▸ **Exercise**:
Below is a listing. Quote from it, exactly, the lines from the one containing "PNG Diamond jewelry" down to the one containing "POC Zonula uranium", both ends included, and nothing else.

▸ **Material supplied**:
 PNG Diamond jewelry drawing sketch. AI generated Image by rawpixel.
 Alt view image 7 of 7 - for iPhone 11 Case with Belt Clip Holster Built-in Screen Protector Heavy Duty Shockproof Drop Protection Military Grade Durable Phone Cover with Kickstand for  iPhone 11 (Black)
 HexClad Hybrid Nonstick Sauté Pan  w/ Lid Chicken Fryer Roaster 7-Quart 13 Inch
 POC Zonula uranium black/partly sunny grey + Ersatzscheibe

---

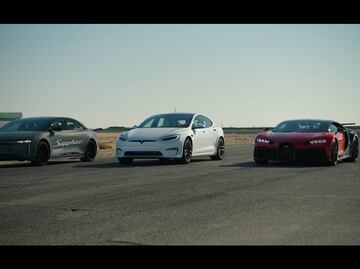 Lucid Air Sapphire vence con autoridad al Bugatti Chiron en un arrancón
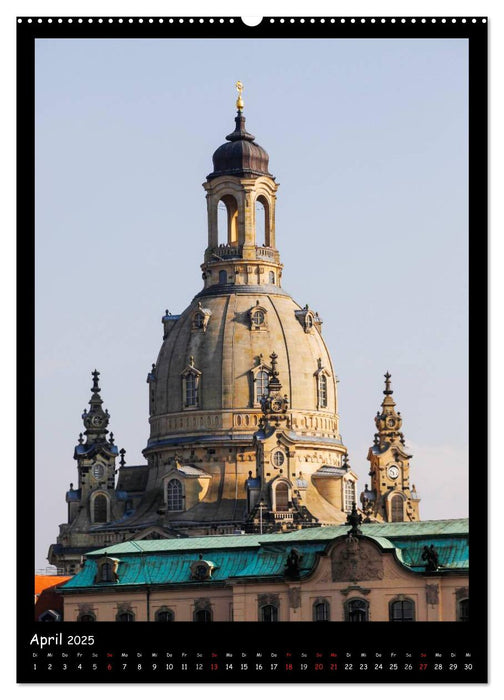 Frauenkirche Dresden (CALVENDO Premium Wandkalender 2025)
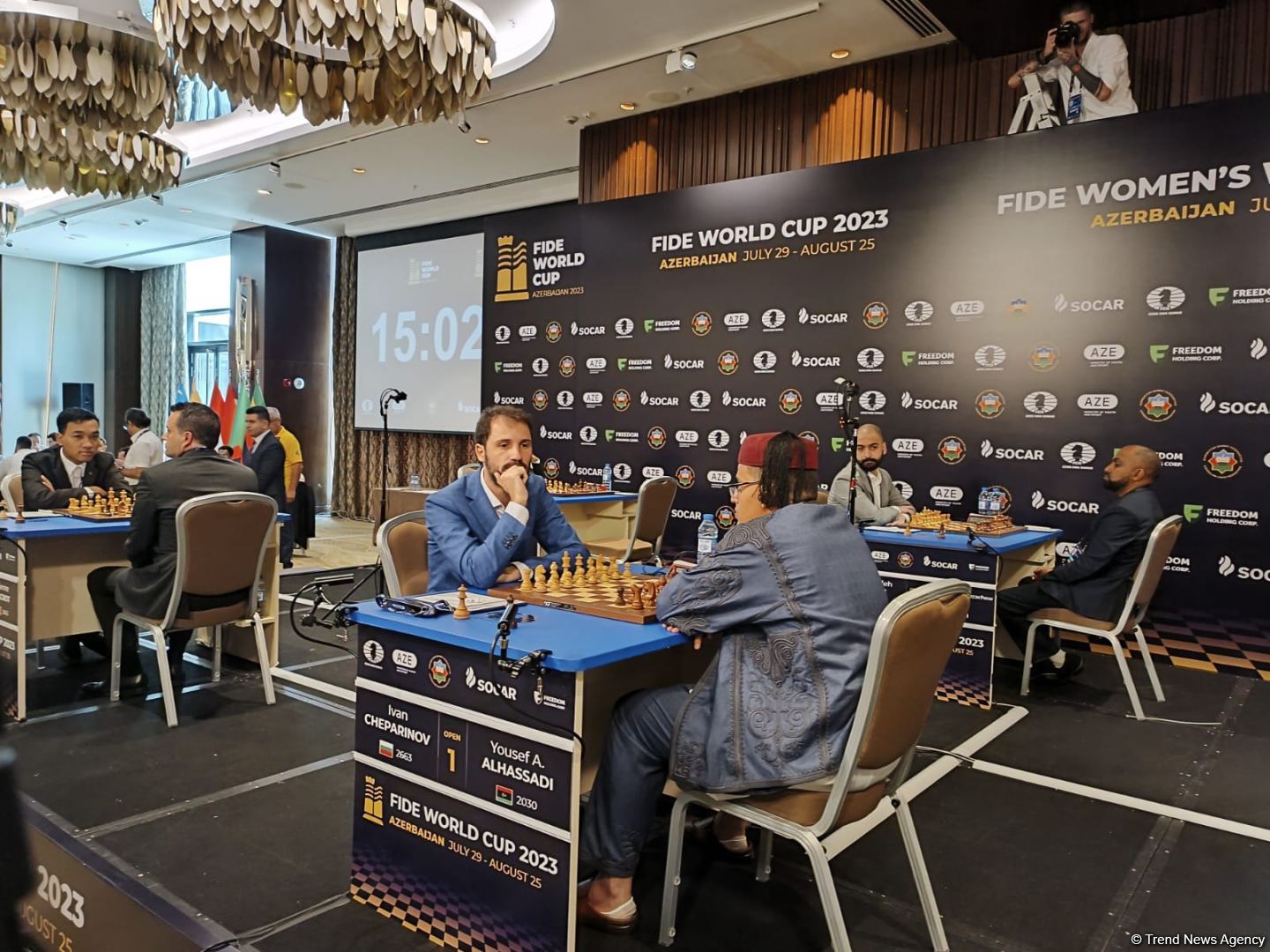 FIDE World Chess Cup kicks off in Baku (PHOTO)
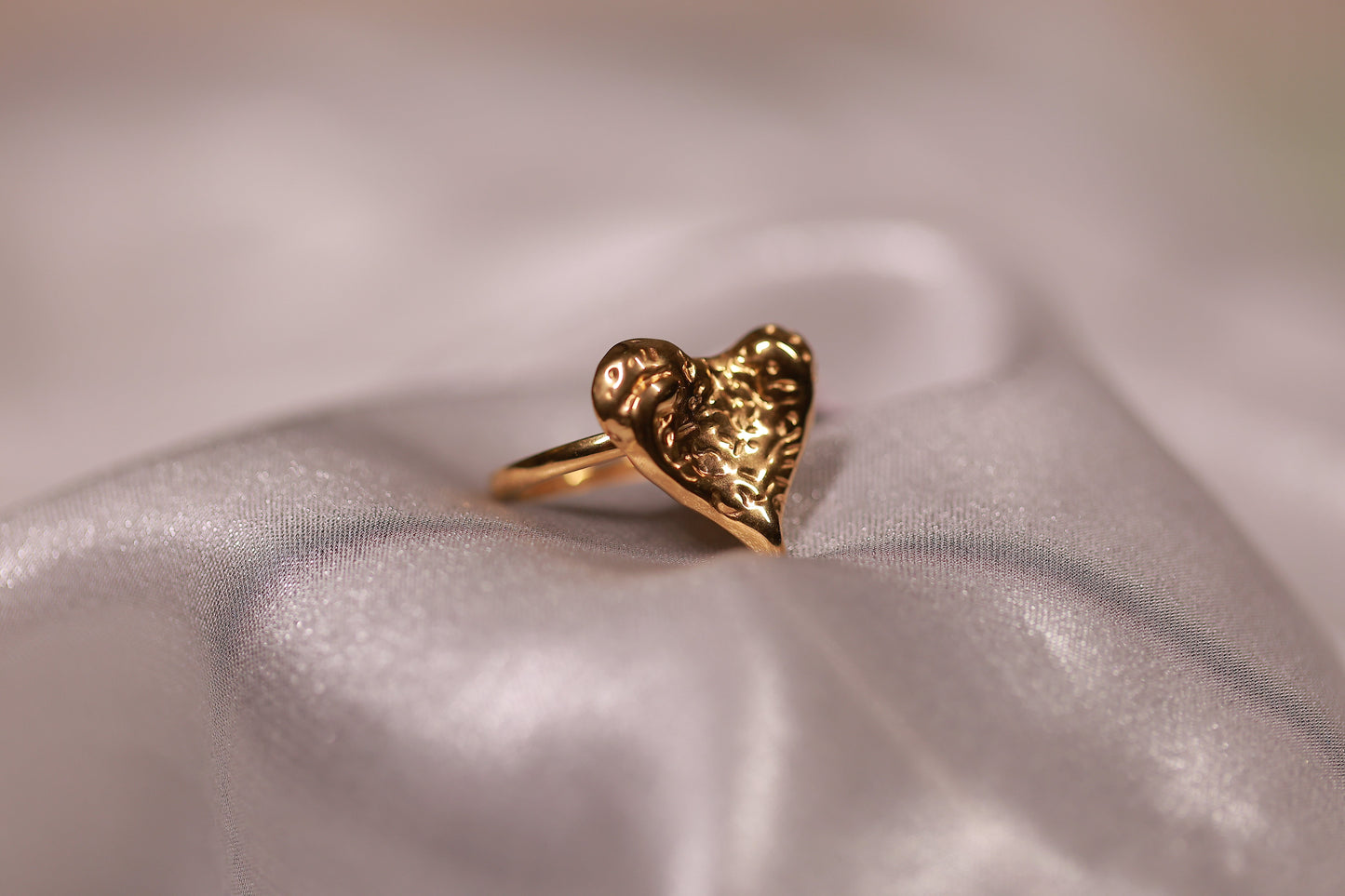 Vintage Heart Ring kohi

---

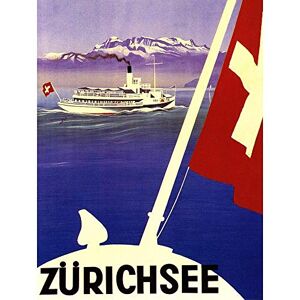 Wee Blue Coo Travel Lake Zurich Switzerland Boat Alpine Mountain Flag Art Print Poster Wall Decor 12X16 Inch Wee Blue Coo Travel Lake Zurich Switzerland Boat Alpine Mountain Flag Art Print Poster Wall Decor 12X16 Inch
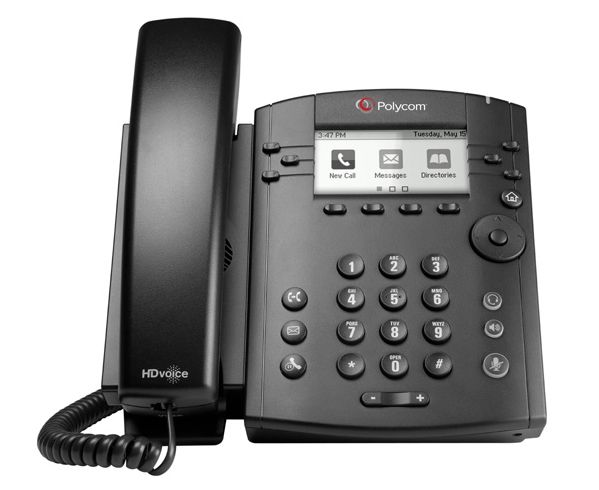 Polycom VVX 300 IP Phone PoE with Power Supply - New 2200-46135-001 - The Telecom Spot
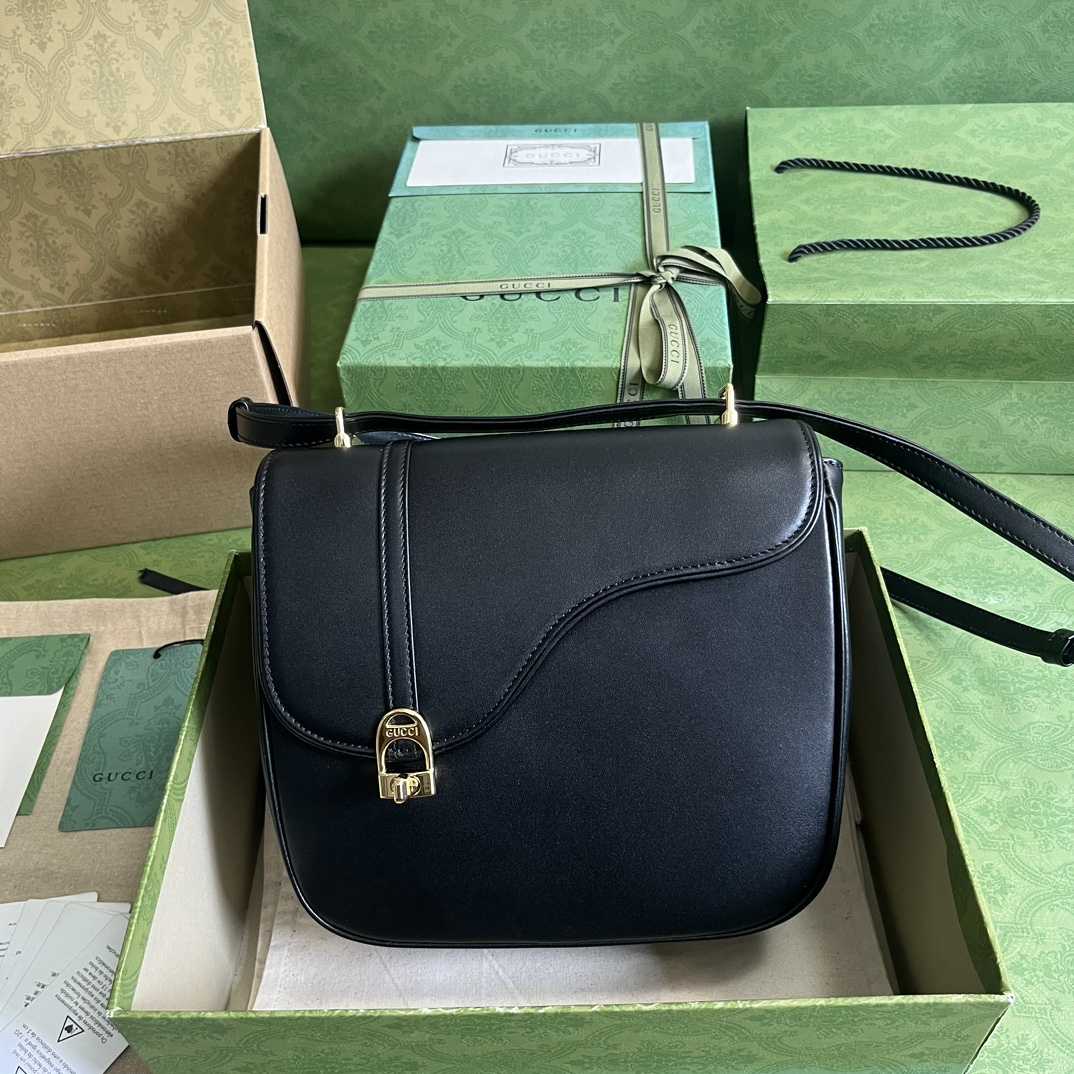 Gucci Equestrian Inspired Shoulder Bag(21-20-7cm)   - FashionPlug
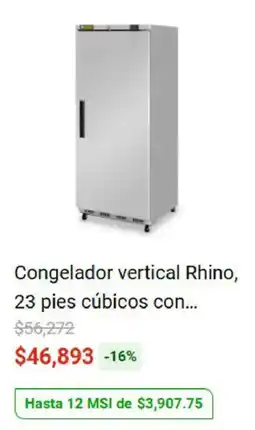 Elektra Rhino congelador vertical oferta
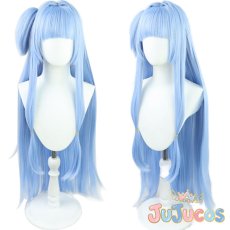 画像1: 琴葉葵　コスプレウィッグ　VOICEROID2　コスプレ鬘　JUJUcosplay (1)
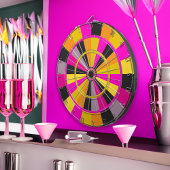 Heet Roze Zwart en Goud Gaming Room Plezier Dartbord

▸ **Your response**:
 PNG Diamond jewelry drawing sketch. AI generated Image by rawpixel.
 Alt view image 7 of 7 - for iPhone 11 Case with Belt Clip Holster Built-in Screen Protector Heavy Duty Shockproof Drop Protection Military Grade Durable Phone Cover with Kickstand for  iPhone 11 (Black)
 HexClad Hybrid Nonstick Sauté Pan  w/ Lid Chicken Fryer Roaster 7-Quart 13 Inch
 POC Zonula uranium black/partly sunny grey + Ersatzscheibe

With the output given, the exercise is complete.